— About this exercise —
Once you have checked each line below, report only the number of lines that contain the word "just".

— Data provided —
┌──

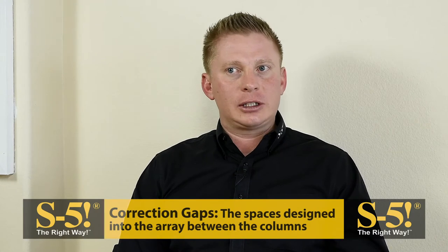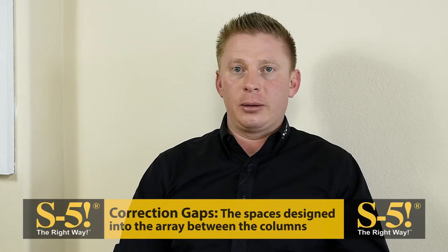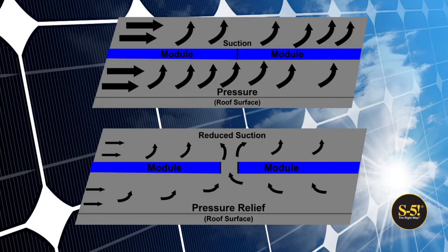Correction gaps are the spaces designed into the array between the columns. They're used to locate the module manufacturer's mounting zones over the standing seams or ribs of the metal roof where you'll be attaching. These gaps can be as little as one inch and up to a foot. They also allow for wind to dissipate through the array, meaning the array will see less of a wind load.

└──
┌──

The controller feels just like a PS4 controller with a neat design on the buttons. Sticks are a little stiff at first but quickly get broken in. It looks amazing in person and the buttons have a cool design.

└──
┌──

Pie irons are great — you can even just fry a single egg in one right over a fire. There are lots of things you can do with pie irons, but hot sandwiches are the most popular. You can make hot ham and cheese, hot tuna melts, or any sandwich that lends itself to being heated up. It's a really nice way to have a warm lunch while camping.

└──

— Answer —
2